- Developer(s): Bryan Lunduke
- Stable release: 5.0
- Preview release: 6.0 Beta 9
- Operating system: Linux, Microsoft Windows, Mac OS X, Android, iOS, Maemo
- Type: Programming
- License: GPL
- Website: Lunduke.com
- As of: May 2013

= Illumination Software Creator =

Illumination Software Creator (Illumination) is a tool for visually designing and developing software, and a corresponding Visual programming language that is available for Microsoft Windows, Linux and Mac OS X. Software developed with Illumination runs on Microsoft Windows, Linux, Mac OS X, Android, iOS, Maemo, and Adobe Flash-powered websites. Illumination is developed and sold by Bryan Lunduke. Source code is also available to buy under three levels of licensing.

==History==
Illumination was created by Bryan Lunduke, and first released in May 2010. The earliest known public mention of Illumination was on the April 11, 2010 episode of The Linux Action Show!.

On June 6, 2012 the Illumination was released as open source software, as attempt to innovate a donation-driven Business model for open-source software.

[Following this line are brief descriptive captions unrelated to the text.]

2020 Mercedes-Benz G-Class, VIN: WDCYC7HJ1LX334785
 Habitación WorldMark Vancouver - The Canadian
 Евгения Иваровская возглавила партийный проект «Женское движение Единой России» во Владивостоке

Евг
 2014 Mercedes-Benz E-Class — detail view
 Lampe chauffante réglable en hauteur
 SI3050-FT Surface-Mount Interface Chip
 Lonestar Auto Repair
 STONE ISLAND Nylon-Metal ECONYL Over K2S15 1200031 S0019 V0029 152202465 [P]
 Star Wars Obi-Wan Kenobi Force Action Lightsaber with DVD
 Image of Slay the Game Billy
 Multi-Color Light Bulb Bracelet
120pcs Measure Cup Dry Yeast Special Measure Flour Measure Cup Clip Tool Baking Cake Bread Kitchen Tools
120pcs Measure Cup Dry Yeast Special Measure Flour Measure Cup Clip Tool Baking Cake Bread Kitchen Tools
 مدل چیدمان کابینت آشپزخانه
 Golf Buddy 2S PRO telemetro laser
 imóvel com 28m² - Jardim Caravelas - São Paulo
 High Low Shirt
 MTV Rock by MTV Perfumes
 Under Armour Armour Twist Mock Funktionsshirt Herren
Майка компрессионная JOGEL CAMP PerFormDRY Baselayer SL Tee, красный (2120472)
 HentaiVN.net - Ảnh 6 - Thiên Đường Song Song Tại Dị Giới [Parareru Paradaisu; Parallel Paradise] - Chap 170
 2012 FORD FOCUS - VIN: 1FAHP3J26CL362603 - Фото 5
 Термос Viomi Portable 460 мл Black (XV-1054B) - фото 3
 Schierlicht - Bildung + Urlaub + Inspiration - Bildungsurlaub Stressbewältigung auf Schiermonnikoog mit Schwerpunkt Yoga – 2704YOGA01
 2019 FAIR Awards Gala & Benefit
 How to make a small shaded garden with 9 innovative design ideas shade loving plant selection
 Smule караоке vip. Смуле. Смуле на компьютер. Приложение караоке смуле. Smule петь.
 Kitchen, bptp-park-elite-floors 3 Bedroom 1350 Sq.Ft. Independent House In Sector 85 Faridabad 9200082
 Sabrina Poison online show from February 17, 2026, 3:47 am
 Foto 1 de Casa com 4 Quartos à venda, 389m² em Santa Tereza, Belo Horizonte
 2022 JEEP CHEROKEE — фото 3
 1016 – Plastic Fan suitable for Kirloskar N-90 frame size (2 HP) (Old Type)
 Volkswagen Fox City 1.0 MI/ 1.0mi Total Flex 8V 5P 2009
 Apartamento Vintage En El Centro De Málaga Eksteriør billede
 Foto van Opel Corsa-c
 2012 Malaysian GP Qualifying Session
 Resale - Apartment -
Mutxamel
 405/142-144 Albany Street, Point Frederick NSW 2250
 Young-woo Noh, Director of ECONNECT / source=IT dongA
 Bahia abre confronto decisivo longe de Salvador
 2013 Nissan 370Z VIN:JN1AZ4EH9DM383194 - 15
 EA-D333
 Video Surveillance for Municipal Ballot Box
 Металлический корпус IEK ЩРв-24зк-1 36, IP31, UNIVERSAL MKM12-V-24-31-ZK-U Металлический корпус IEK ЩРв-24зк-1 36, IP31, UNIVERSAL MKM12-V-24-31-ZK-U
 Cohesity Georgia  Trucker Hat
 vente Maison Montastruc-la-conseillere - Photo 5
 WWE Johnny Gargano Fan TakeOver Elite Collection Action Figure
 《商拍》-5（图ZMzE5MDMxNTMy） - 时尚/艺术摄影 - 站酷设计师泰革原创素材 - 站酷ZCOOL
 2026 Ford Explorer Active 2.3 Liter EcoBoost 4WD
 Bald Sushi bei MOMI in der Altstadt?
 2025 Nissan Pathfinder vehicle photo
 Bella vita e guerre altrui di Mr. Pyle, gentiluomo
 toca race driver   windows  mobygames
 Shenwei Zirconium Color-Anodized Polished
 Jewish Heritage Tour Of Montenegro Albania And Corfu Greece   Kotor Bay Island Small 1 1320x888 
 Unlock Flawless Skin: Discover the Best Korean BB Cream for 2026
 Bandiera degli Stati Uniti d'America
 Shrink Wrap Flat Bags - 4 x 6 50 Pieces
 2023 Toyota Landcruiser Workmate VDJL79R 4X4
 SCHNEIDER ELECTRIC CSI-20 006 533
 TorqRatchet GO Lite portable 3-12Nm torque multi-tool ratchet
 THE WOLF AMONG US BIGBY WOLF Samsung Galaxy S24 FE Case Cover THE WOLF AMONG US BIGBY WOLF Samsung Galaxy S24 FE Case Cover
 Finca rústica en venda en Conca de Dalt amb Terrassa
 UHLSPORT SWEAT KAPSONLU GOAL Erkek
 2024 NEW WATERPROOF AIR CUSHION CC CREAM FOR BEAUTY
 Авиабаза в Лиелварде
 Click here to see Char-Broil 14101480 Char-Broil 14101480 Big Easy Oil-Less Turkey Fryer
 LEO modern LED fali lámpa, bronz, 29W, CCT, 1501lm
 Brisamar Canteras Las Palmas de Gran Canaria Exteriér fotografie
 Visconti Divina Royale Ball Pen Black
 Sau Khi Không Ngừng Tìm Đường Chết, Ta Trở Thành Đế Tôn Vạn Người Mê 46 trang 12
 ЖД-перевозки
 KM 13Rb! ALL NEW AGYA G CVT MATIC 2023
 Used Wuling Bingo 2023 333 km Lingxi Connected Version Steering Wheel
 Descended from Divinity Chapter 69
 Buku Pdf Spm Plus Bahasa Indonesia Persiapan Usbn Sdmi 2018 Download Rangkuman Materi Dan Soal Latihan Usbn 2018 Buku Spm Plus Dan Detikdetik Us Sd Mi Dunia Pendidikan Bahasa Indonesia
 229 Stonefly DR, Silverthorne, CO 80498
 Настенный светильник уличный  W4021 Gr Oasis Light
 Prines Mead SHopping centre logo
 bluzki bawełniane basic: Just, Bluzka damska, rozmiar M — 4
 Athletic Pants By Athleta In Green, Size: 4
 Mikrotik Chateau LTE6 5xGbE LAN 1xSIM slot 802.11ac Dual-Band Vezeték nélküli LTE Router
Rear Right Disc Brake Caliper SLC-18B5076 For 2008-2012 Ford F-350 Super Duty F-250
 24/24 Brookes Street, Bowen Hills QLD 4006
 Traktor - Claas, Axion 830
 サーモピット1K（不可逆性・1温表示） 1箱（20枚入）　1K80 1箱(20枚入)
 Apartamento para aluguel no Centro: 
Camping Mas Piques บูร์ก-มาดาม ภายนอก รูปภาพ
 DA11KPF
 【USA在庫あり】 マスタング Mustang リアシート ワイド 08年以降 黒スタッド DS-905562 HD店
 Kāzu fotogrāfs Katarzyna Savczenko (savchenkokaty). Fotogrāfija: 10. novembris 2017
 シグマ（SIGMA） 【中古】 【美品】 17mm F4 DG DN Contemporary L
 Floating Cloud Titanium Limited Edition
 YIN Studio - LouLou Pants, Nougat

After initially achieving the requested amount of money, on July 12, 2012 deficit of target sums from donations resulted in the source closing, and a fee being attached for download of binaries.
On November 28, 2012 the source code for current versions became available for purchase, under a Personal Proprietary License, the GNU General Public License, and a BSD license.
On November 28, 2012 the business model was changed, allowing download of all premium lunduke.com content, including this software, for a minimum donation of $2.

==Features==
Illumination works by arranging "building blocks" in order to visually describe the functionality of a software application. Like many other Visual programming languages, Illumination does not require any code to be written by hand in order to develop software.

Within Illumination each "Block" is a self-contained piece of functionality. Blocks are tied together via "inputs" and "outputs" which pass no data, and only serve to structure the flow of the application. Illumination also contains a "Window Editor" to allow for the building of applications with simple user interfaces.

As of 2.0, Illumination Software Creator supports creating Python (PyGTK) applications as two distinct targets: Desktop and Maemo Tablet. And also supports creating Adobe Flex based rich Internet applications that run on the Adobe Flash platform.

At version 2.1 support for building Android applications was added.

In version 2.2 support for building what are called "Custom Blocks" was added to allow developers to expand the functionality of their projects as needed using traditional programming languages (such as Java, Python and ActionScript).

For version 3.0 support for building iOS applications was added.

For version 4.0, released on September 7, 2011, support for building HTML5 applications and including graphics was added.

For version 4.2, released on February 6, 2012, Portal Blocks have been added.

==Illumination Software Creation Station==
The Illumination Software Creation Station is an Opensuse based Linux distribution, built with Susestudio, that provides a pre-setup system for testing and using Illumination Software Creator as a Live-CD or VMWare virtual machine.

On Dec 16th, 2010, the Illumination Software Creation Station won the first annual Novell Disters award for best software appliance built with Susestudio.